Se tumbó en la cama con más noción de lo que había pasado y rogando que
para cuando volviera a despertar, sus recuerdos estuvieran completamente de
vuelta en su cabeza.
Sin embargo, un año pasó y los recuerdos jamás regresaron.
Pero el tiempo con Fyodor hizo que el pasado de Chūya pareciera
irrelevante. El presente era emocionante y, de una manera tentadora, el futuro
que podría tener a lado del ruso prometía ser aún mejor.
Chūya se quitó una vez más los guantes blancos, Fyodor estaba a su lado,
taciturno como siempre. Había una pequeña sonrisa dibujada en sus labios y sus
ojos púrpura brillaban rojos a la luz de la luna.
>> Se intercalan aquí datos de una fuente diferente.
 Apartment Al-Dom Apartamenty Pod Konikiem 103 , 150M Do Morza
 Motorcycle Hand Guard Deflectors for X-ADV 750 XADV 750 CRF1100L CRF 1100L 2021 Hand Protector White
Chūya amaba esos ojos con locura.
Le entregó los guantes y su sombrero con un gesto burlón. También se
deshizo del saco largo que siempre colgaba de sus hombros.
—¿Estás seguro de esto? —Chūya asintió vigorosamente y le sonrió con
confianza.
—Necesito —hizo énfasis— que veas esto. —Fyodor le sostuvo la mano con
la propia y le dio un pequeño apretón antes de dejarlo ir.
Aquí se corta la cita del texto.